I am suddenly assailed by all kinds of doubts and regrets.

Chief of these is my inability to put into words my feelings about the loss of my mother. As I've mentioned before, since I didn't see my beloved Dad (he was also an extremely important presence in the life of my DD) interred, to me he is still around....but Mom was different - I saw her suffer - a lot of it because of her stubbornness - but suffer she did, and badly...

I was comforted by these words:

A mother, after all, is your entry into the world. She is the shell in which you divide and become a life. Waking up in a world without her is like waking up in a world without sky: unimaginable.

A mother is beyond any notion of a beginning. That’s what makes her a mother: you cannot start the story.

When you lose someone you were close to, you have to reassess your picture of the world and your place in it. 

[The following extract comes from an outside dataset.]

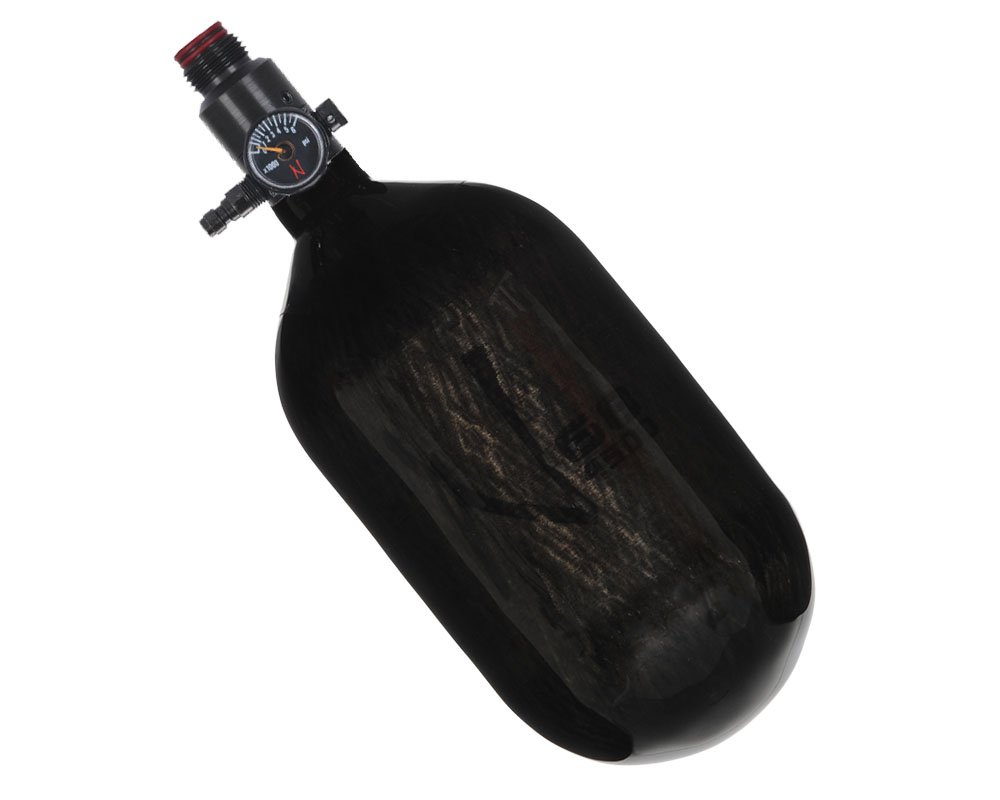 Ninja Paintball Compressed HPA Air Tank with Adjustable Regulator - 68/4500 Carbon Fiber, Standard Adjustable Regulator, Translucent Black (68ci) - Perfect for Tournament Play, Speedball & Woodsball Scenarios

Grief requires acquainting yourself with the world again and again; each “first” causes a break that must be reset… And so you always feel suspense, a queer dread—you never know what occasion will break the loss freshly open.

It’s not a question of getting over it or healing. No; it’s a question of learning to live with this transformation. For the loss is transformative.....it's like a tree growing around an obstruction.

Taken from 'In The Long Goodbye' - Meghan O'Rourke's magnificent memoir of grieving her mother's death. In this book, she crafts a masterwork of remembrance and reflection.